:: DATA SUPPLIED ::
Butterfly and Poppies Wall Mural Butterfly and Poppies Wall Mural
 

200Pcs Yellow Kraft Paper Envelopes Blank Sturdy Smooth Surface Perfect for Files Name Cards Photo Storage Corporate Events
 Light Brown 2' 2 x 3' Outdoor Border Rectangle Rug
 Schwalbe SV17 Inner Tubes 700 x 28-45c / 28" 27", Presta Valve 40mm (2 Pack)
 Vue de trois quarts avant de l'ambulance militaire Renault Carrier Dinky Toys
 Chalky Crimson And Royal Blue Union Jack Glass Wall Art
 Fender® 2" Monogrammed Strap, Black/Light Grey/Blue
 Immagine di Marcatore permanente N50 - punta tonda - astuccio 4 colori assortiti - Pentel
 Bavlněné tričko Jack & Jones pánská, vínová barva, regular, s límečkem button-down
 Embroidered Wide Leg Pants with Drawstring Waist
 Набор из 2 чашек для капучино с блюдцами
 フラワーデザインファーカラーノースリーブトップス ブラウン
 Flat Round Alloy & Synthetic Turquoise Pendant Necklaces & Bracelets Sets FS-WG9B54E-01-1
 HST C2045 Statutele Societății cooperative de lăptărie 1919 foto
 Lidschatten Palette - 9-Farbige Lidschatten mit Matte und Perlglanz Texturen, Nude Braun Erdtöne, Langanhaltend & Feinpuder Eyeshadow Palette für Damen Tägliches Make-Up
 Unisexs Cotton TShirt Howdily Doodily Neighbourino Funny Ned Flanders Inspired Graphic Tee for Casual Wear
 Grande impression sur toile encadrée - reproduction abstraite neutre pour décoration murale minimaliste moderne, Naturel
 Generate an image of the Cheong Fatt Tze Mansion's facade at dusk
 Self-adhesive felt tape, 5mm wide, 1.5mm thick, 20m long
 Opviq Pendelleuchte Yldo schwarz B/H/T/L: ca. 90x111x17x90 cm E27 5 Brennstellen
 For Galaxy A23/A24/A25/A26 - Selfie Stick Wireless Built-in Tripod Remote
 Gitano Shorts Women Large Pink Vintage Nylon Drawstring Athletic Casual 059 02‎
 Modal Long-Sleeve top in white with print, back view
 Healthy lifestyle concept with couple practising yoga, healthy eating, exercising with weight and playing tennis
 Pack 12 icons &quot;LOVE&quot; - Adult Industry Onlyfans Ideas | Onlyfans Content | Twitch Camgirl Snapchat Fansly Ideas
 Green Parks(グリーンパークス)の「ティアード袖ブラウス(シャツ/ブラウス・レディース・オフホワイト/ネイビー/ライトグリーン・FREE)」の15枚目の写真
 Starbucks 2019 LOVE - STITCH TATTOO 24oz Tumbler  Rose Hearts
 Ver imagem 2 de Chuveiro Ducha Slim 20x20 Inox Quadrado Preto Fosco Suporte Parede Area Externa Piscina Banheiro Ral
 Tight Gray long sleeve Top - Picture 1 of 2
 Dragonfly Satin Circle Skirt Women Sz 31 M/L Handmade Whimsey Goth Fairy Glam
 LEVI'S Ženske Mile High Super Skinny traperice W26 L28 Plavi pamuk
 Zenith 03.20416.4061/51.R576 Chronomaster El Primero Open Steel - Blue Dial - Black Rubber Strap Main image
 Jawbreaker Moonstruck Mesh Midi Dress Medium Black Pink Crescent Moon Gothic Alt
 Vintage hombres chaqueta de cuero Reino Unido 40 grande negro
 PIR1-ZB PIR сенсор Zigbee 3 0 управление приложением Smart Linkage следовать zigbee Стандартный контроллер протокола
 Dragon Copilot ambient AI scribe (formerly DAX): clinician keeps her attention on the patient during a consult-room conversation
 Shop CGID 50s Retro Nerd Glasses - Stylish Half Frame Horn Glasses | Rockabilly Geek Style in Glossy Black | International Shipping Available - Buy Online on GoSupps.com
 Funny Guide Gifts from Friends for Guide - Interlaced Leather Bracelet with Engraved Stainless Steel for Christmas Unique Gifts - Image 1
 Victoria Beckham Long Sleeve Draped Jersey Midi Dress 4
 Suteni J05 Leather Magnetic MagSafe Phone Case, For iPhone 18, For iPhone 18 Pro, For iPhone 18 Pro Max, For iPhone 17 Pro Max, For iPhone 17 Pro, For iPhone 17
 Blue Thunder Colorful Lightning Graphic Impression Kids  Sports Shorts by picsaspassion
:::
• [TASK DESCRIPTION]
The records above are to be duplicated word for word.

• [TASK ANSWER]
Butterfly and Poppies Wall Mural Butterfly and Poppies Wall Mural
 

200Pcs Yellow Kraft Paper Envelopes Blank Sturdy Smooth Surface Perfect for Files Name Cards Photo Storage Corporate Events
 Light Brown 2' 2 x 3' Outdoor Border Rectangle Rug
 Schwalbe SV17 Inner Tubes 700 x 28-45c / 28" 27", Presta Valve 40mm (2 Pack)
 Vue de trois quarts avant de l'ambulance militaire Renault Carrier Dinky Toys
 Chalky Crimson And Royal Blue Union Jack Glass Wall Art
 Fender® 2" Monogrammed Strap, Black/Light Grey/Blue
 Immagine di Marcatore permanente N50 - punta tonda - astuccio 4 colori assortiti - Pentel
 Bavlněné tričko Jack & Jones pánská, vínová barva, regular, s límečkem button-down
 Embroidered Wide Leg Pants with Drawstring Waist
 Набор из 2 чашек для капучино с блюдцами
 フラワーデザインファーカラーノースリーブトップス ブラウン
 Flat Round Alloy & Synthetic Turquoise Pendant Necklaces & Bracelets Sets FS-WG9B54E-01-1
 HST C2045 Statutele Societății cooperative de lăptărie 1919 foto
 Lidschatten Palette - 9-Farbige Lidschatten mit Matte und Perlglanz Texturen, Nude Braun Erdtöne, Langanhaltend & Feinpuder Eyeshadow Palette für Damen Tägliches Make-Up
 Unisexs Cotton TShirt Howdily Doodily Neighbourino Funny Ned Flanders Inspired Graphic Tee for Casual Wear
 Grande impression sur toile encadrée - reproduction abstraite neutre pour décoration murale minimaliste moderne, Naturel
 Generate an image of the Cheong Fatt Tze Mansion's facade at dusk
 Self-adhesive felt tape, 5mm wide, 1.5mm thick, 20m long
 Opviq Pendelleuchte Yldo schwarz B/H/T/L: ca. 90x111x17x90 cm E27 5 Brennstellen
 For Galaxy A23/A24/A25/A26 - Selfie Stick Wireless Built-in Tripod Remote
 Gitano Shorts Women Large Pink Vintage Nylon Drawstring Athletic Casual 059 02‎
 Modal Long-Sleeve top in white with print, back view
 Healthy lifestyle concept with couple practising yoga, healthy eating, exercising with weight and playing tennis
 Pack 12 icons &quot;LOVE&quot; - Adult Industry Onlyfans Ideas | Onlyfans Content | Twitch Camgirl Snapchat Fansly Ideas
 Green Parks(グリーンパークス)の「ティアード袖ブラウス(シャツ/ブラウス・レディース・オフホワイト/ネイビー/ライトグリーン・FREE)」の15枚目の写真
 Starbucks 2019 LOVE - STITCH TATTOO 24oz Tumbler  Rose Hearts
 Ver imagem 2 de Chuveiro Ducha Slim 20x20 Inox Quadrado Preto Fosco Suporte Parede Area Externa Piscina Banheiro Ral
 Tight Gray long sleeve Top - Picture 1 of 2
 Dragonfly Satin Circle Skirt Women Sz 31 M/L Handmade Whimsey Goth Fairy Glam
 LEVI'S Ženske Mile High Super Skinny traperice W26 L28 Plavi pamuk
 Zenith 03.20416.4061/51.R576 Chronomaster El Primero Open Steel - Blue Dial - Black Rubber Strap Main image
 Jawbreaker Moonstruck Mesh Midi Dress Medium Black Pink Crescent Moon Gothic Alt
 Vintage hombres chaqueta de cuero Reino Unido 40 grande negro
 PIR1-ZB PIR сенсор Zigbee 3 0 управление приложением Smart Linkage следовать zigbee Стандартный контроллер протокола
 Dragon Copilot ambient AI scribe (formerly DAX): clinician keeps her attention on the patient during a consult-room conversation
 Shop CGID 50s Retro Nerd Glasses - Stylish Half Frame Horn Glasses | Rockabilly Geek Style in Glossy Black | International Shipping Available - Buy Online on GoSupps.com
 Funny Guide Gifts from Friends for Guide - Interlaced Leather Bracelet with Engraved Stainless Steel for Christmas Unique Gifts - Image 1
 Victoria Beckham Long Sleeve Draped Jersey Midi Dress 4
 Suteni J05 Leather Magnetic MagSafe Phone Case, For iPhone 18, For iPhone 18 Pro, For iPhone 18 Pro Max, For iPhone 17 Pro Max, For iPhone 17 Pro, For iPhone 17
 Blue Thunder Colorful Lightning Graphic Impression Kids  Sports Shorts by picsaspassion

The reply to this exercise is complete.